It's simple combinatorics.
You do a 10 shot doubles strings (5 doubles) with each combination of possible changes in your grip, trigger finger placement, and engagement. Since you can't tell ahead of time which of these variables can be safely merged as a single contributing variable, you need to test them all independently of one another, which leads to a multiplicative combination of all possibilities in order to actually get enough data to do a factor analysis to identify what actually does and does not contribute the highest statistically significant predictive power towards "good shooting."
Assuming you can come up with a time and score based metric that you're happy with to evaluate each combination, then you simply vary each variable independently of the others until you have tested them all, trying to hold energy and mental focus constant to avoid introducing those as a variable.
So, some variables would be:
- Degree of grip strength (4 possibilities)
- Amount of wrist lock on the pinky side (On or Off, 2 options)
- Grip position of the hands (4)
- Support hand placement (2 or 3)
- Sideways pressure on the gun (2 or 3)
- Clamshell pressure or not (2)
- Elbows up or down
- Push pull light or heavy (2)
- Horizontal isometric tension or not (2)
- Bicep and Tricep pre-engagement to lock the elbows (2)
- Locking the elbows out or bent (2)
- Degree of lean of the body (2 or 3)
- Feet position (2)
- Engagement of the shoulder girdle and upper body to lock the shoulders and/or apply tension in the upper body during firing (2)

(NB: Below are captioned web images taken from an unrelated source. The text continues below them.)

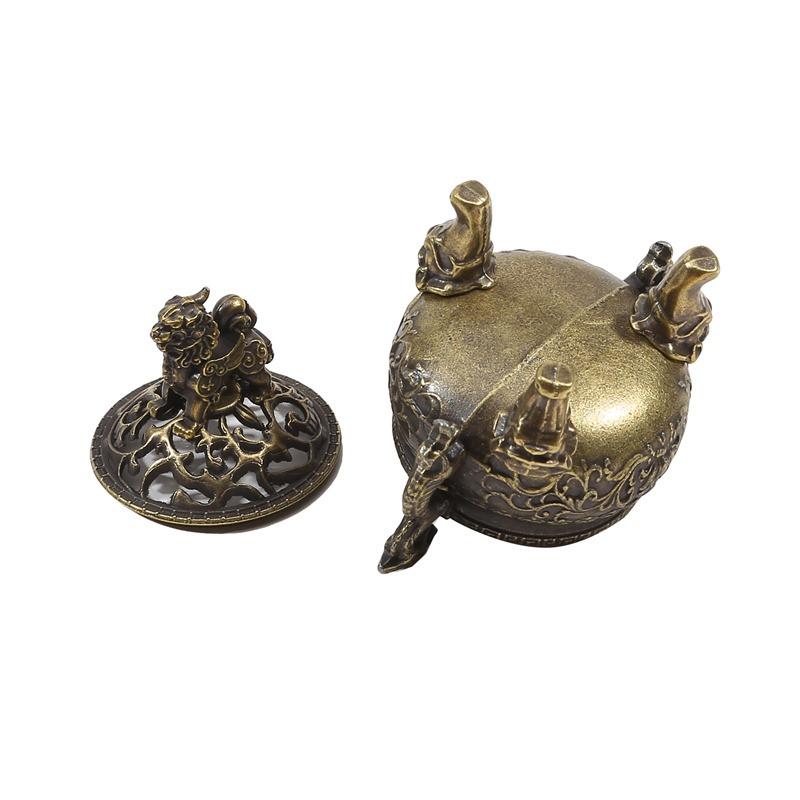 Mini Double Dragon Three Leg Incense Burner Sandalwood Metal Home Office Decor Therapeutic Incense Holder for Relaxatio
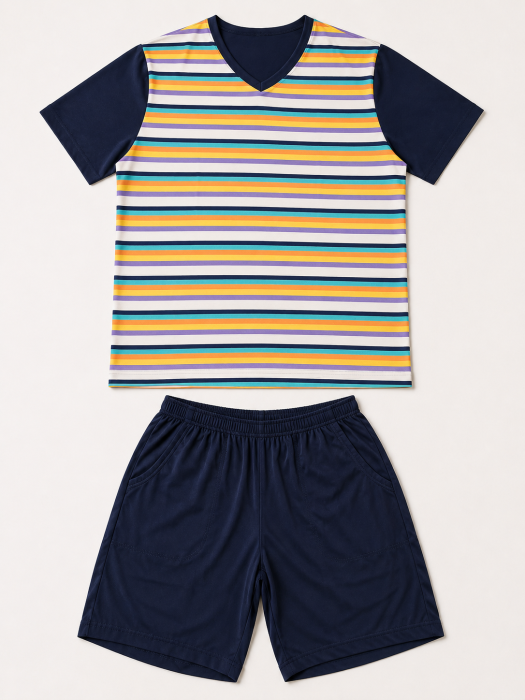 Pijama Bărbați Scurtă Multicolor Mărime Mare [3]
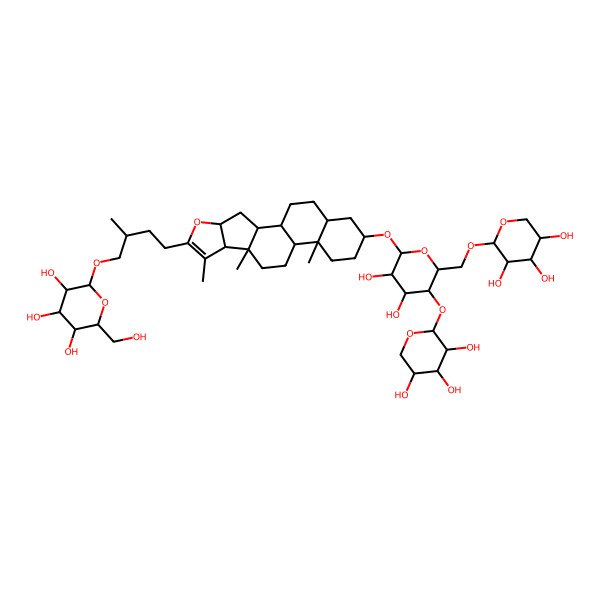 2D Structure of (2R,3R,4S,5S,6R)-2-[(2S)-4-[(1R,2S,4S,8S,9S,12S,13S,16S,18R)-16-[(2R,3R,4R,5S,6R)-3,4-dihydroxy-5-[(2S,3R,4S,5R)-3,4,5-trihydroxyoxan-2-yl]oxy-6-[[(2S,3R,4S,5S)-3,4,5-trihydroxyoxan-2-yl]oxymethyl]oxan-2-yl]oxy-7,9,13-trimethyl-5-oxapentacyclo[10.8.0.02,9.04,8.013,18]icos-6-en-6-yl]-2-methylbutoxy]-6-(hydroxymethyl)oxane-3,4,5-triol
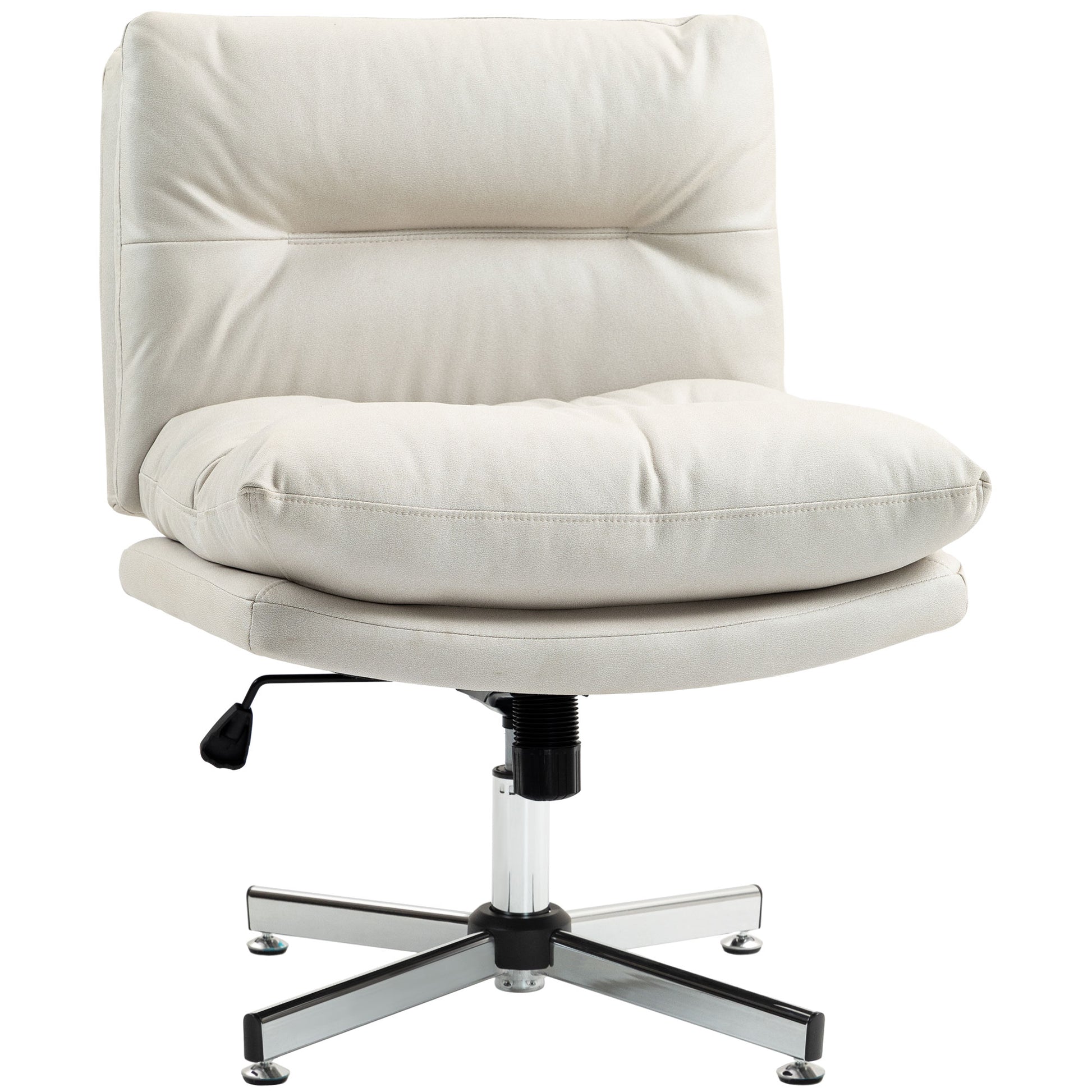 HOMCOM Armless Criss Cross Office Chair: Adjustable Height, Tilt, Swivel, Cushioned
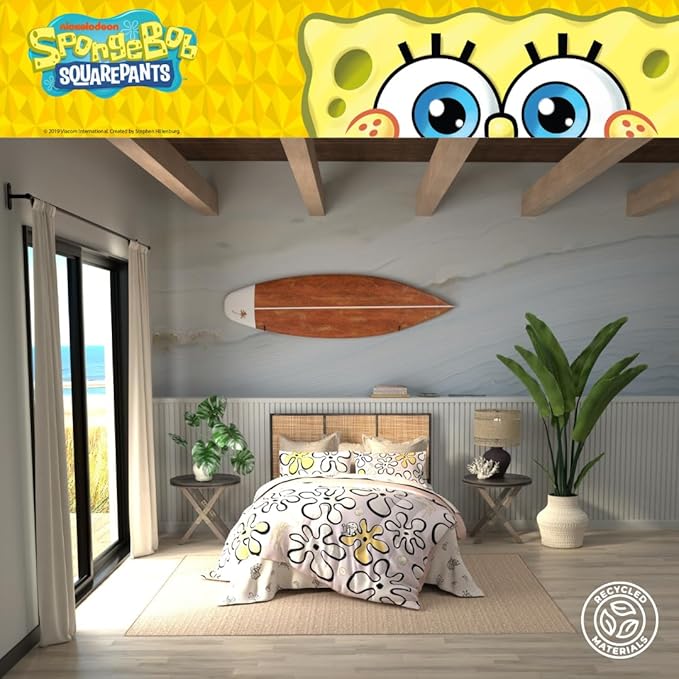 Collectibles Spongebob Squarepants Jellyfish Recycled Bedding 7 Piece Super Soft Reversible Comforter and Sheet Set, King, (100% Official Licensed Product) by Franco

- Trigger finger placement (3)
- Degree of trigger pin (2)
- Snatch or Slack trigger approaches (2)
- Degree of shoulder elevation (2)
- Head angle (2)
- Degree of finger engagement up and down the hands (3x3)
- Degree of muscular engagement in the core (2)
- Degree of engagement with the thumbs (2)
It's nothing more than basic scientific and statistical practice and high school combinatorics.
Obviously people don't do this. Instead, they try things based on intuitive triggers that play with a number of these variables at once and then figure out what appears to work for them and what doesn't based on rough timings. I doubt that many people in their timings have done statistical timings to determine the significance of the change they made and determine the variance in their behaviors in order to tell whether a change was the result of something that they think was causing it or whether it might have been something else.
But that's the nature of human performance. It is exceptionally difficult to quantify and analyze. Moreover, the people who are good at performing often aren't sure why they are doing something, which makes it hard.
ETA: the above list is just a simple off the top of my head collection of the various different elements of shooting that various top trainers I have watched, read, or observed have said or mentioned in regard to the gripping and recoil control process.